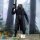 The Walking Dead Exquisite Mini Series Actionfigur 1/18 Ezekiel 11 cm
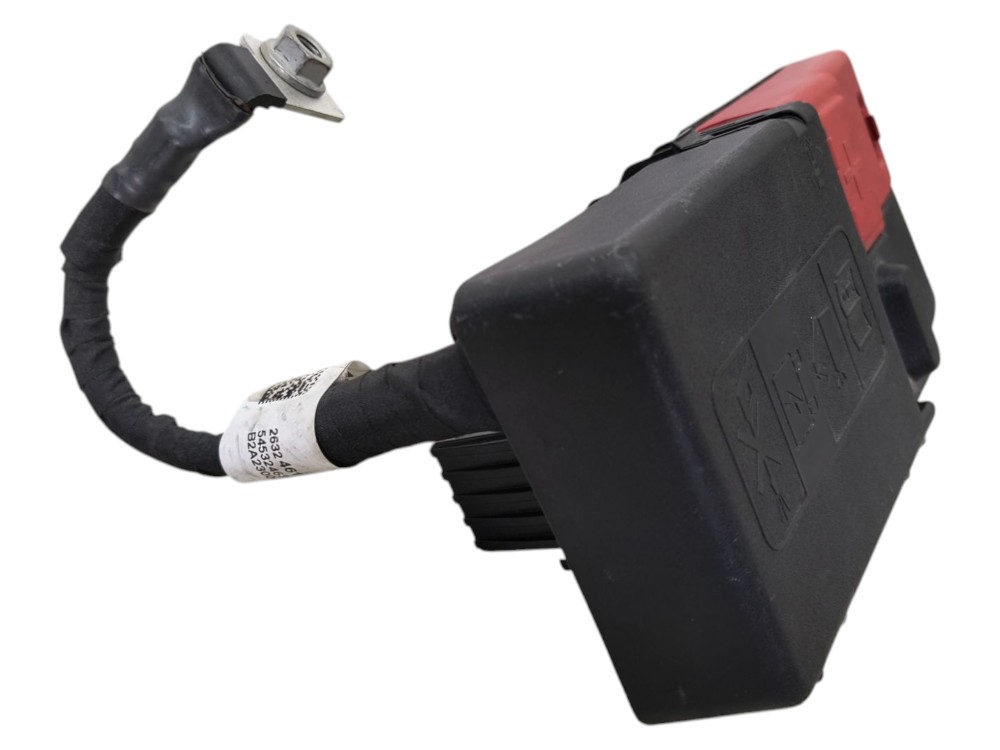 Polo Positivo Bateria Chevrolet Tracker 1.0 3cc Turbo 2024 4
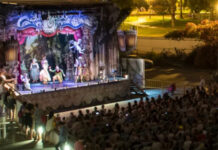 El Palau de les Arts arriba este dijous a Torrent amb un espectacle gratuït de sarsuela als peus de la Torre Les Arts Volant arriba a Torrent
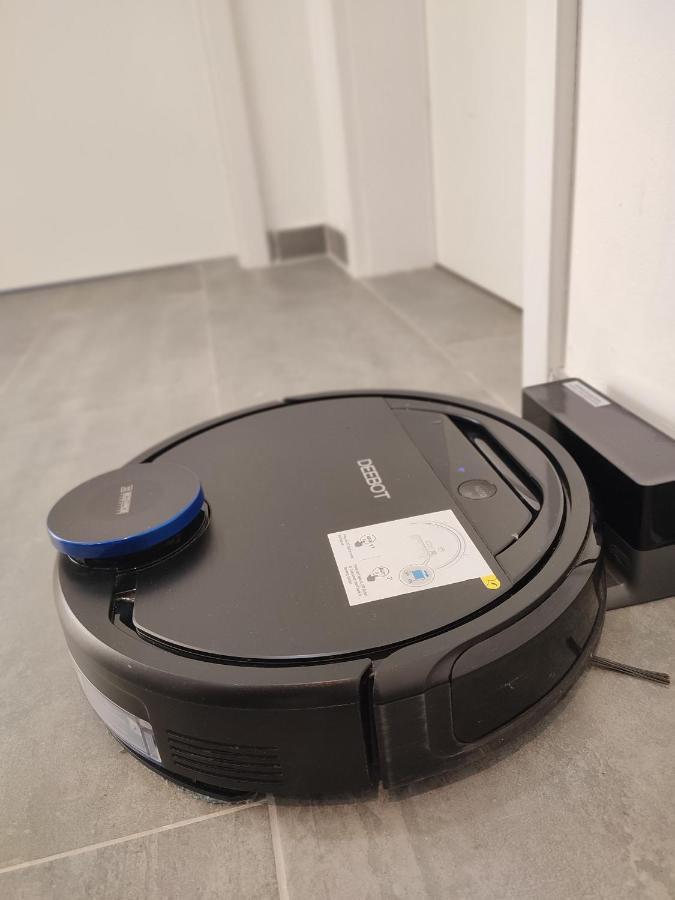 Jireh Home - Modern, Barrierearm, Klinikumsnah Minden Kültér fotó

□ □ □

Directions for this task: The answer must be the full listing, word for word, with no images in it.

Exercise solution:
 The Walking Dead Exquisite Mini Series Actionfigur 1/18 Ezekiel 11 cm
 Polo Positivo Bateria Chevrolet Tracker 1.0 3cc Turbo 2024 4
 El Palau de les Arts arriba este dijous a Torrent amb un espectacle gratuït de sarsuela als peus de la Torre Les Arts Volant arriba a Torrent
 Jireh Home - Modern, Barrierearm, Klinikumsnah Minden Kültér fotó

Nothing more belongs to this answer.